_Exercise material_
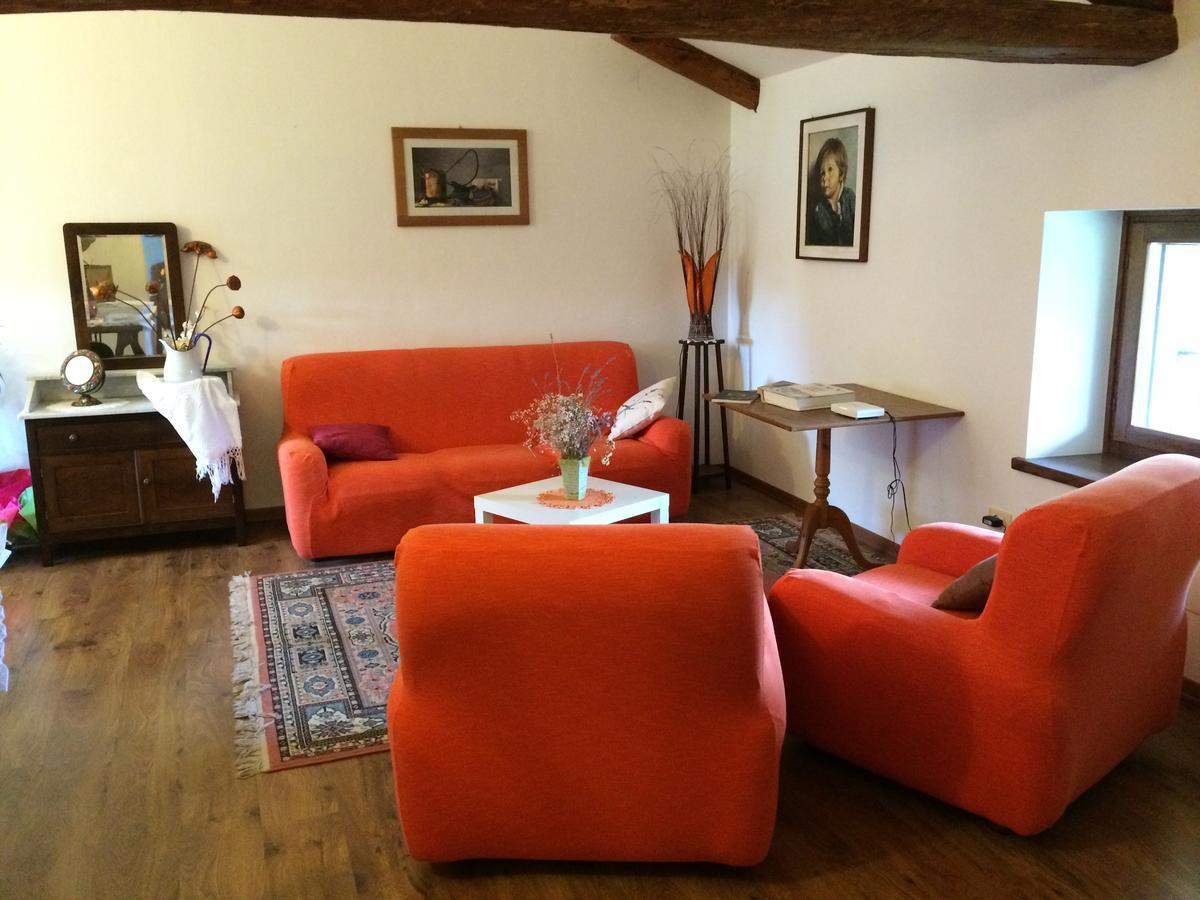 Bed and Breakfast Casa Pellis Фаганья Экстерьер фото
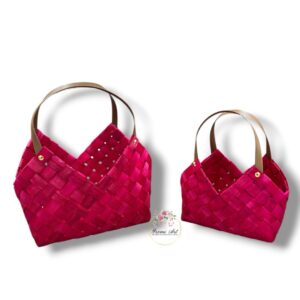 Torebki kpl. 2 szt. K-689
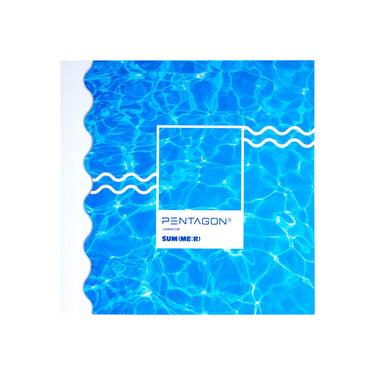 PENTAGON - SUM(ME:R) [9th Mini Album]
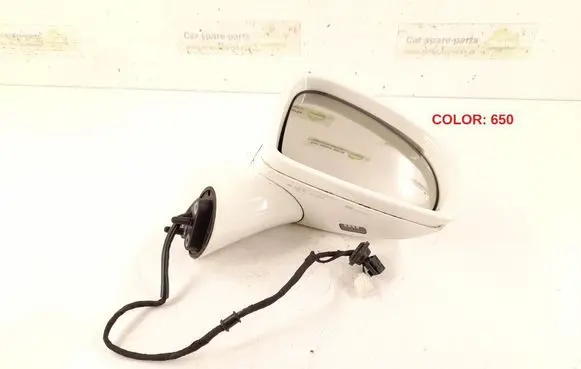 Mercedes-Benz SLK R172 Front door electric wing mirror 1728100276 1728101800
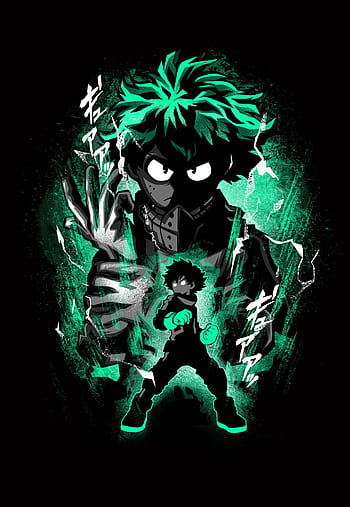 Vigilante deku HD phone wallpaper | Pxfuel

_Goal of the exercise_
What is needed is an exact restatement of every line from the line containing "Mercedes-Benz SLK R172" through the last line of the records, minus any pictures.

_Task response_
 Mercedes-Benz SLK R172 Front door electric wing mirror 1728100276 1728101800
 Vigilante deku HD phone wallpaper | Pxfuel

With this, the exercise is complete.